One of the emerging problems facing both cell and developmental biologists is to figure out the specific roles of individual genes as they relate to single cells, or in the context of tissues, and then how this relates to the whole developing organism. The next problem is to determine how well these processes and the molecules involved and their functions are conserved between different organisms. The answer to both of these questions, at least in part, will be found through the sharing of techniques and knowledge between the related disciplines of cell and developmental biology, as exemplified by this meeting: this is particularly true in the area of imaging. Further developments in functional genomics and bioinformatics as well as in systems biology will benefit future studies in all systems. These approaches will be especially useful in the analysis of gene networks, and of molecular noise and signals and how cells interpret them.

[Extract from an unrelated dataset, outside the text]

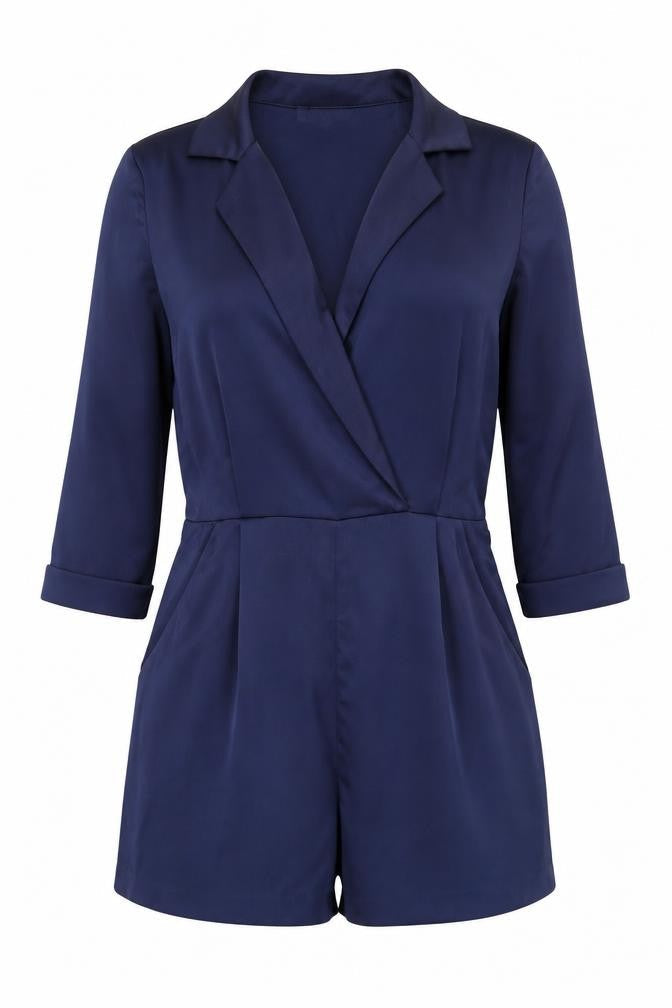 New Look Womens Blue Polyester Playsuit One-Piece Size 8 Snap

Equally important for future studies will be developments in integrative computer display and analysis of biological data such as gene-expression patterns, signal modeling and cellular behavior. One example of this type of approach, its challenges and the progress being made, was discussed by James Sharpe (MRC Human Genetics Unit, Edinburgh, UK) during the systems biology session with respect to the generation of four-dimensional computer models of vertebrate limb development.
The coming year is full of exciting challenges and we all look forward to the next Joint Meeting of the British Societies for Cell Biology and Developmental Biology in 2006.